Ray Serve provides the serving layer with autoscaling, load balancing, observability, and fault tolerance. Anyscale hardens the deployment for production with high availability, centralized logging and tracing, and head node fault tolerance.
The following sections describe the core components and concepts in the architecture:
1. Streamable HTTP transport
Streamable HTTP enables MCP servers to run remotely. For an overview of MCP transport protocols, see Transport mechanisms.
You must use stateless mode for MCP servers. Otherwise, you encounter "session not found" errors when you deploy multiple MCP server replicas.
from mcp.server.fastmcp import FastMCP
mcp_app = FastMCP("your-mcp-server", stateless_http=True)
2. Integration with FastAPI
Expose your MCP server through a FastAPI application and mount the streamable HTTP app at /mcp
(default path). Use Ray Serve ingress to bind this FastAPI app as the HTTP interface for your deployment. FastAPI handles path matching, extracts path and query parameters, performs data validation, and serializes your tool's return value into HTTP responses. As a result:
- Your service exposes an MCP endpoint at
/mcp
. - Ray Serve manages health checks and routes requests across replicas automatically.
For streamable HTTP transport, you must pass the lifespan context from the FastMCP server to the FastAPI app with FastAPI(lifespan=mcp_app.lifespan)
to ensure the server's session manager initializes properly.

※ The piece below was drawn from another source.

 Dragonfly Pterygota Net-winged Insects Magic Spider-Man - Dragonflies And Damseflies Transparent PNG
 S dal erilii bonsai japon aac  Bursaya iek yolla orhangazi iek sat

3. Autoscaling configuration
Configure autoscaling to balance latency, throughput, and cost:
- Set replica limits: Configure minimum and maximum replicas for capacity planning.
- Define load targets: Set
target_ongoing_requests
requests per replica to trigger scale events. - Use fractional CPUs and GPUs: Allocate fractional compute resources (0.25 CPU or 0.5 GPU) to improve utilization.

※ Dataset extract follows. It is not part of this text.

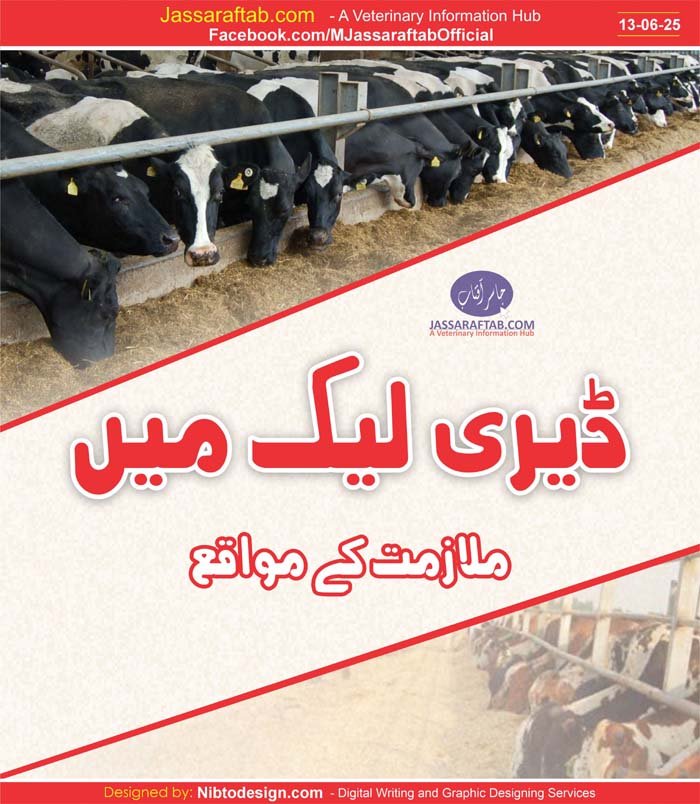 Marketing jobs at Dairy lac and Pharmacist jobs for D Pharmacy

For detailed configurations, see Ray Serve autoscaling and Resource allocation.
4. Observability
Use Anyscale monitoring to view logs, traces, and metrics across replicas:
- Structured logs: View logs per request and per replica.
- Distributed tracing: Trace requests end-to-end across services.

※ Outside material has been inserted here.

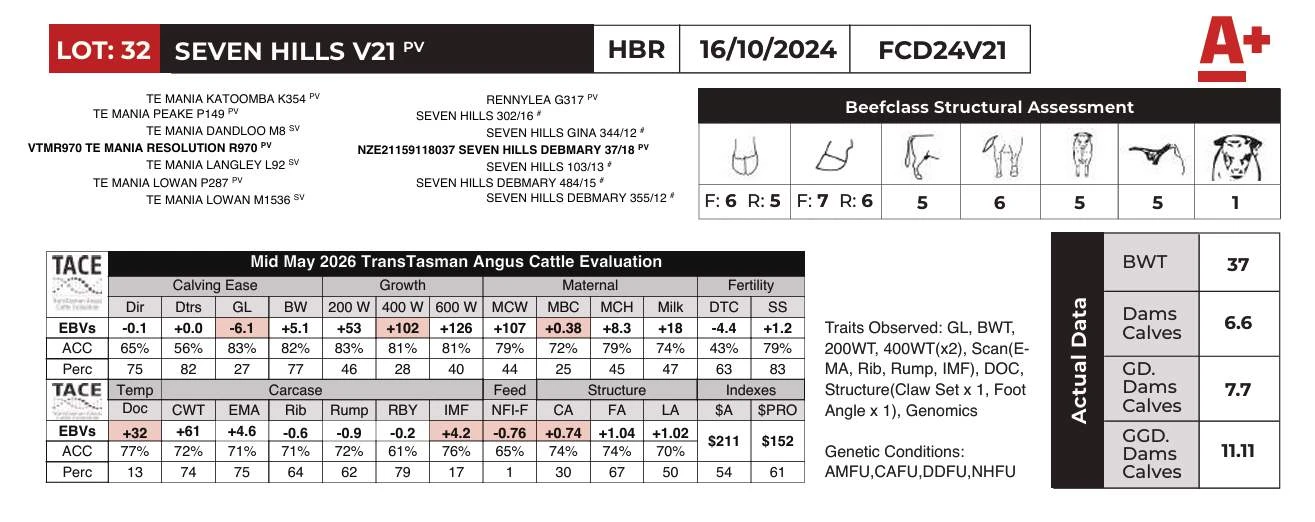 Lot 32 SEVEN HILLS V21 PV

- Performance metrics: Track request rate, latency, and error rates to tune autoscaling.
For details, see Accessing logs and Tracing guide.
5. Authentication and security
Production services require authentication and network controls:
- Bearer token authentication: Anyscale enables bearer tokens for all services by default. Pass an
Authorization: Bearer <token>
header from the client when you call the MCP endpoint. - Service URL: Use the URL that Anyscale assigns and include the
/mcp
path when you make requests.
Deploy MCP services with GPUs
When MCP tools run machine learning inference, provision GPUs for each replica:
- Fractional GPUs: Allocate partial GPUs (for example, 0.5) to increase utilization when models are small.
- Runtime environment: Include machine learning dependencies in the service image to speed startup.
- Concurrency: Offload blocking model calls to worker threads or processes to keep event loops responsive.
For a GPU-backed example, see the translator service in the Anyscale template. See Translator MCP example.
Use fractional GPUs to balance cost and throughput when your model doesn't require a full GPU.
MCP gateway for Ray Serve on Anyscale
The MCP gateway provides a unified, streamable HTTP interface for tools and agents. Ray Serve applications (for example, image classification or translation) run independently behind it. An Anyscale service hosts the deployment with managed scaling, fault tolerance, and rolling updates.
Why use an MCP gateway?
- Unify access: Expose multiple Ray Serve apps as a single remote MCP service through one streamable HTTP endpoint for tools and agents.
- Preserve autonomy: Keep independent scaling, resource allocation, and rollout policies per Serve app.
- Avoid code merges: Keep your existing app repositories unchanged while adding an MCP front-end.
- Operate as a service: Deploy on Anyscale services with managed scaling, availability, and updates.
Get started with MCP gateway
To deploy MCP gateway on Anyscale, use the MCP template notebook. See Anyscale MCP template.